High Fidelity Simulation and the Development of Clinical Judgment in Senior Nursing Students: A Mixed Method Approach

  •  Warongrong Nilphet    


Clinical judgment is defined as an understanding and interpretation regarding patient’s needs, health problems or concerns (Tanner, 2006). There are four interrelated processes in Tanner’s model that consist of noticing, interpreting, responding, and reflecting (Tanner, 2006). Because clinical judgment is extremely complex and encompasses many ways of thinking and types of knowledge, it requires a flexible capability to identify significant features of indeterminate clinical circumstances. Mixed methods study was conducted to describe senior nursing students’ experience in using high-fidelity simulation to evaluate the development of clinical judgment skills. A convenience sampling of 30 senior nursing students who signed the consent, met the inclusion criteria, and attend the selected school of nursing in the fall of 2020 were used for this study. All participants answered questionnaires regarding the quantitative survey. Participants interviewed face-to-face and video call using Zoom meeting program and recorded using an audio recorder.
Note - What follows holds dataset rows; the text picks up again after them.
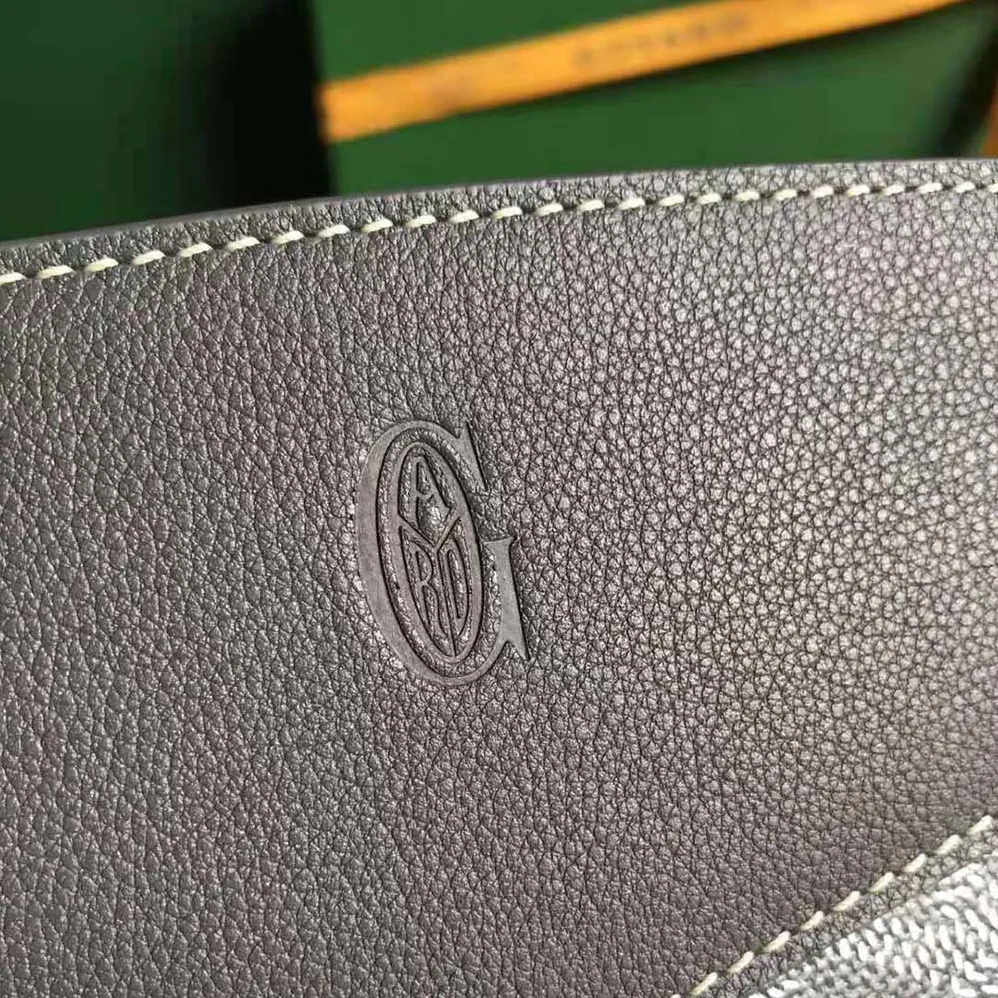 Goyard Rouette Structuré Pm Bag for Women in Silver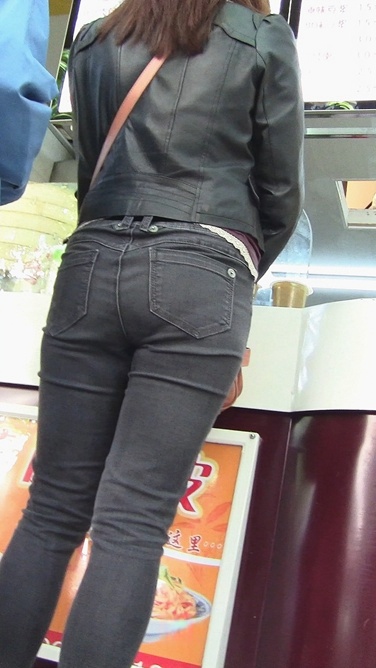 黑色紧身牛仔裤圆臀丰姿MM[390M/MTS]
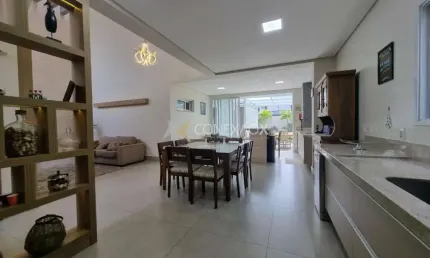 Casa em condomínio fechado com 4 quartos à venda na Avenida Luíz Rogério Heinzl, s/n, Swiss Park, Campinas, 217 m2 por R$ 2.100.000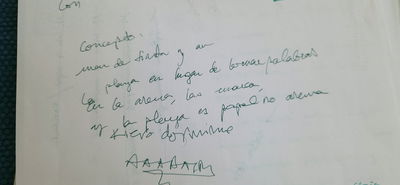 Papel y boli junto a la almohada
Both the quantitative and qualitative findings identified that learning through high-fidelity simulation supports the improvement in the participants’ clinical judgment skills. All participants reported their perceptions and experiences from using high-fidelity simulation develop and support their clinical judgment skills from the beginning through the end of the simulation, especially improving prioritizing data and working as a team with providing effective communication.